→ What is required
Go through the records below and report each line with "Glass" in it.
START Provided data
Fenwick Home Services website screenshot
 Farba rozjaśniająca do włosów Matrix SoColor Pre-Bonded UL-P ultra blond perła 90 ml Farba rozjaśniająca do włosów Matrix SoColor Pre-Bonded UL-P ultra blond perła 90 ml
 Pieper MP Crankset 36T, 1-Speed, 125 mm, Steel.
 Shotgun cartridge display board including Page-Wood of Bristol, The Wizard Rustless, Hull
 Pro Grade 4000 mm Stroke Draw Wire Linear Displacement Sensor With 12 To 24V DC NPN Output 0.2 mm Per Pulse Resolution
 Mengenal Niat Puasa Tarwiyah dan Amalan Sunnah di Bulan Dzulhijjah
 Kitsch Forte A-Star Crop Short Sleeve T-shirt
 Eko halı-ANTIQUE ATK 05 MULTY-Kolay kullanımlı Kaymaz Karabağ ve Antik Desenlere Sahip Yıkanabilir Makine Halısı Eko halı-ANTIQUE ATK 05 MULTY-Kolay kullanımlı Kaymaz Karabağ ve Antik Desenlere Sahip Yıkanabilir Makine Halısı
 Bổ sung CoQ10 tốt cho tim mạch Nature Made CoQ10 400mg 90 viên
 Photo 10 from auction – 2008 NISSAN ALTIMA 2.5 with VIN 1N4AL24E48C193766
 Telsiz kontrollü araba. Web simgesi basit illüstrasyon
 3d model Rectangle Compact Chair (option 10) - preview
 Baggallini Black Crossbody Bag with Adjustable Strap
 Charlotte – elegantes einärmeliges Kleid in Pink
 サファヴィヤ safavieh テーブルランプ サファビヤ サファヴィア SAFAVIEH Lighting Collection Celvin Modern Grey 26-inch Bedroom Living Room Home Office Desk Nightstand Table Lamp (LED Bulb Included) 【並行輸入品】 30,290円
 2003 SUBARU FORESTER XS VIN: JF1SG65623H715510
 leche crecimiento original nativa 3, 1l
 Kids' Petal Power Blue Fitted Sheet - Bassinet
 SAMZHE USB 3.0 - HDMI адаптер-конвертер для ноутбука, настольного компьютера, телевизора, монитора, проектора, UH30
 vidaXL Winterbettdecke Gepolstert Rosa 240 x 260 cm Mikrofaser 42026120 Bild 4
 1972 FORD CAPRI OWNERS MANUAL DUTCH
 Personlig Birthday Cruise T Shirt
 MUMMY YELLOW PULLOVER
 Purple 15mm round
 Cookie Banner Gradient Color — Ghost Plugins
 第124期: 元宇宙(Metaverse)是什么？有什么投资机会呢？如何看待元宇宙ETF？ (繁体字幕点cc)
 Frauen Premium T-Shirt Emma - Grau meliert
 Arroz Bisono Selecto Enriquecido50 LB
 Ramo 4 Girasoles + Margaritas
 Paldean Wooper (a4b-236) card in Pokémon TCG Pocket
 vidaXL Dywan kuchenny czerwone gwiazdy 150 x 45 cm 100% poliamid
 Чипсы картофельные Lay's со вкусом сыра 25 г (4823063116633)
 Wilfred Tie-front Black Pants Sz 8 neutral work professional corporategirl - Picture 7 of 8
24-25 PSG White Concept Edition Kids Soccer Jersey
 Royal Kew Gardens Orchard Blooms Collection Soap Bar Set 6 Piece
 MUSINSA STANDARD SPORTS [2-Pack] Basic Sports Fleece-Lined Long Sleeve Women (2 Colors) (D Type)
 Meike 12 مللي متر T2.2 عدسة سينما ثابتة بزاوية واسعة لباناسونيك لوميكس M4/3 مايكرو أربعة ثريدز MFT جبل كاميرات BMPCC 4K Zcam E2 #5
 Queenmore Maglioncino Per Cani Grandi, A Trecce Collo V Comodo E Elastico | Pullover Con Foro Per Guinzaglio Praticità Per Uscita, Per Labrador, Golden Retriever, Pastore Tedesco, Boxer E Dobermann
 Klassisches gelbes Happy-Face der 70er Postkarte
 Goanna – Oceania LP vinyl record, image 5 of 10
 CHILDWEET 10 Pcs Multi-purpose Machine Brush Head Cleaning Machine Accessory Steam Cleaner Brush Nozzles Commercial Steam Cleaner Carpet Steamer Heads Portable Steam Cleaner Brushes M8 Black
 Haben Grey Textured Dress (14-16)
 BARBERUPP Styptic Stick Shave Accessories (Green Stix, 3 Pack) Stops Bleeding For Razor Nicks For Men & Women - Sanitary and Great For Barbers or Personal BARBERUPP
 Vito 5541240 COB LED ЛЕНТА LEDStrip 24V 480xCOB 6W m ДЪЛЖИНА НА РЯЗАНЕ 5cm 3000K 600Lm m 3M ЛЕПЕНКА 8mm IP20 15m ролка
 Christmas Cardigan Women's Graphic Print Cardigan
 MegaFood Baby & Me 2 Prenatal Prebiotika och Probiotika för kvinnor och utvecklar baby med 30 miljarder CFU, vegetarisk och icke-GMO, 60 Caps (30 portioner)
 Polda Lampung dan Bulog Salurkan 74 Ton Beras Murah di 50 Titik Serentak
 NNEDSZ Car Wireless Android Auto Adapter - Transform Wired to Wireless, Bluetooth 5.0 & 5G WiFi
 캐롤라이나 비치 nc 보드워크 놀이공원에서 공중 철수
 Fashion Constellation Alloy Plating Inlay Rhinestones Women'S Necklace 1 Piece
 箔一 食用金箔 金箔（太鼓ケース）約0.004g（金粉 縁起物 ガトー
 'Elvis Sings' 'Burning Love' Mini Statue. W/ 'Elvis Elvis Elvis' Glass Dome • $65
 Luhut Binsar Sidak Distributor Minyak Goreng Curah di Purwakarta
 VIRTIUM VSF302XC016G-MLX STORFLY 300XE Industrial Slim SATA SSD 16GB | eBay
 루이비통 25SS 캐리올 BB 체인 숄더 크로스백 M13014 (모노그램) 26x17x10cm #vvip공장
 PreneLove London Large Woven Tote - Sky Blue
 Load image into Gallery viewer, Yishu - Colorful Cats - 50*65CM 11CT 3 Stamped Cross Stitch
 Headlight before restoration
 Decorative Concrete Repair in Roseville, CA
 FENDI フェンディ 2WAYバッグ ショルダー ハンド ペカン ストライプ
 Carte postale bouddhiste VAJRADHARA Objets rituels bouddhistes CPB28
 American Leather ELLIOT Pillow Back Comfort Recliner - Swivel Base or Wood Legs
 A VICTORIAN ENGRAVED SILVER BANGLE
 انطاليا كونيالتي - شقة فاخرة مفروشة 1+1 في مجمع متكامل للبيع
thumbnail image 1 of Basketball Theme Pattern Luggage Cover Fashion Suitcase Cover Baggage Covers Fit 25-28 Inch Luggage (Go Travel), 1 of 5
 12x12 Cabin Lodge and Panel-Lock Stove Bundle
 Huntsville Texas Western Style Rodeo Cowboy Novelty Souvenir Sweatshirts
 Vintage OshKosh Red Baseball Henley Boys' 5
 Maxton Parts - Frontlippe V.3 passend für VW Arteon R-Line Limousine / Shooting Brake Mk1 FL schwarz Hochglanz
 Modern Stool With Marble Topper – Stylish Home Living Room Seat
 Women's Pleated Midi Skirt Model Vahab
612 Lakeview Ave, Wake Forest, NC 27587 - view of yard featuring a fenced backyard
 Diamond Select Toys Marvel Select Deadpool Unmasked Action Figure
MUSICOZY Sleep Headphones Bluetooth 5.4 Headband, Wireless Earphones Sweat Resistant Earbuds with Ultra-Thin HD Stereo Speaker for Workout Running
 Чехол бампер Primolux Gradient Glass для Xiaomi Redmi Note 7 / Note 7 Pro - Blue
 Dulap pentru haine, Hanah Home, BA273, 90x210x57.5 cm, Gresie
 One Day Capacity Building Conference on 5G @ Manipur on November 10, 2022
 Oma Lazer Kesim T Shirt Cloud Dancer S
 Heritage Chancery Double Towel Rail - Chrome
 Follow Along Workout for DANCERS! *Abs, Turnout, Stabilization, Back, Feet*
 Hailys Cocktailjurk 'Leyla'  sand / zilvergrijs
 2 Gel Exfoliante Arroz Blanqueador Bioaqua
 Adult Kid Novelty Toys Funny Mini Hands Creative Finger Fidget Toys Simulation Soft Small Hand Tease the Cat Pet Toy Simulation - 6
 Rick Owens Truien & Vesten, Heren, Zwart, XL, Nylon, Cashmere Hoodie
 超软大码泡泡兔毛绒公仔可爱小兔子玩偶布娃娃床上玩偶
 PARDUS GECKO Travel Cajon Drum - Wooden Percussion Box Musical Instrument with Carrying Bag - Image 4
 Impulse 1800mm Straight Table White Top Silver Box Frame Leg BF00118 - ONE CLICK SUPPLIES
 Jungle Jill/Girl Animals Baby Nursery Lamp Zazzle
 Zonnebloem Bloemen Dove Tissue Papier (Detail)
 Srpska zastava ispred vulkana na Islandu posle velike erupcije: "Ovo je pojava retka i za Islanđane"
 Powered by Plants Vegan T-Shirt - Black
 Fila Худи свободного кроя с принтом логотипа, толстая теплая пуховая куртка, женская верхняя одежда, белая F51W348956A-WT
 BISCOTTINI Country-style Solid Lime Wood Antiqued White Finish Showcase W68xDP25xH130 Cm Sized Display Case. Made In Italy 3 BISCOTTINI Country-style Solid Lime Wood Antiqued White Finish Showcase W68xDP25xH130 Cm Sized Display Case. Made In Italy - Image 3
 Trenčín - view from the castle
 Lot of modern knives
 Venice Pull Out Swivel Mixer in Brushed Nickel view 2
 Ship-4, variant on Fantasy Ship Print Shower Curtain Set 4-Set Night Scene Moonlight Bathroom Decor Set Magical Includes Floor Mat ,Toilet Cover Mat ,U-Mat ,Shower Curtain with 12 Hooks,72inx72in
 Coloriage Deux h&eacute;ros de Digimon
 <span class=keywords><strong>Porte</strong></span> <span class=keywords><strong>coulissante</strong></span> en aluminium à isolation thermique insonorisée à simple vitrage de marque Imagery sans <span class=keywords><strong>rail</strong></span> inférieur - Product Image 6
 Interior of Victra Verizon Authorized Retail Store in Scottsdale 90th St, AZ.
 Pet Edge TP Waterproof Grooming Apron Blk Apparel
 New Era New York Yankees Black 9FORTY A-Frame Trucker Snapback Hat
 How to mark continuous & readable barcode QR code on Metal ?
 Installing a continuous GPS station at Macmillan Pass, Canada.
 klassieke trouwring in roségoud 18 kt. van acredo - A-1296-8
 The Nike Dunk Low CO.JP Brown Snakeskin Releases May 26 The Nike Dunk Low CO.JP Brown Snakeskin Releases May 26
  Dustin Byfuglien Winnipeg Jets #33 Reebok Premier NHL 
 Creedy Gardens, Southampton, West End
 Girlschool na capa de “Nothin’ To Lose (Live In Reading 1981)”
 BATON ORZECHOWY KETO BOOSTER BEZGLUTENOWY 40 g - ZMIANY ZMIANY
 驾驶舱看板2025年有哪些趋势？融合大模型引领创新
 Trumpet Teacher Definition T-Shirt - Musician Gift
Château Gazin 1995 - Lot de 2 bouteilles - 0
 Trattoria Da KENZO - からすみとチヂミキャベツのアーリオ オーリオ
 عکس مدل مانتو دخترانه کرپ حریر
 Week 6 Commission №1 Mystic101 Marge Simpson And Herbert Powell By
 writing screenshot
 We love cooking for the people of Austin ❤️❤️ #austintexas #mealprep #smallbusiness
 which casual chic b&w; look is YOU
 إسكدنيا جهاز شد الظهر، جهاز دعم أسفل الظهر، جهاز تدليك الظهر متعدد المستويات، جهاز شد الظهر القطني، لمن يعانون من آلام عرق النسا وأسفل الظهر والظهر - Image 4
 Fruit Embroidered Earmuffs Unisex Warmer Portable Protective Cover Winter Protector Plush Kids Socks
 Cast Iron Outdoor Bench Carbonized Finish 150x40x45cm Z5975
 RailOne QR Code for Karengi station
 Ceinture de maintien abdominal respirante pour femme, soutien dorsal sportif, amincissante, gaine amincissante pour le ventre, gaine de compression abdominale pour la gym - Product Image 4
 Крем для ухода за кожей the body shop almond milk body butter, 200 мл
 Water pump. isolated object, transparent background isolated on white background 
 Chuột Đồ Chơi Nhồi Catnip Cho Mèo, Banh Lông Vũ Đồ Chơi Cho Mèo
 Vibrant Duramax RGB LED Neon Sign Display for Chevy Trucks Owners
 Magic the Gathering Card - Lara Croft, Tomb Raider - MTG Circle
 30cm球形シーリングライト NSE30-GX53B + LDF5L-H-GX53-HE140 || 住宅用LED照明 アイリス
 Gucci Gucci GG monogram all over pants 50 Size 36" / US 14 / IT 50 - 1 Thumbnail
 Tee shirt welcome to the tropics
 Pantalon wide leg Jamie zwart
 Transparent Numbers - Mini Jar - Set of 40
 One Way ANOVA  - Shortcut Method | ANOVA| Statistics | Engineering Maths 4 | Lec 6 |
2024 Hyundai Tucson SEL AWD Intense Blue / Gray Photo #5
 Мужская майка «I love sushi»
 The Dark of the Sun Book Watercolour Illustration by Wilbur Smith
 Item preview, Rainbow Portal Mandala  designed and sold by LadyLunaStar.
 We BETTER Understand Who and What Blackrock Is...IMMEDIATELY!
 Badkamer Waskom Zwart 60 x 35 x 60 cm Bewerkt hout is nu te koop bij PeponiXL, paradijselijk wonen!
END Provided data
→ Answer section
 'Elvis Sings' 'Burning Love' Mini Statue. W/ 'Elvis Elvis Elvis' Glass Dome • $65
 Чехол бампер Primolux Gradient Glass для Xiaomi Redmi Note 7 / Note 7 Pro - Blue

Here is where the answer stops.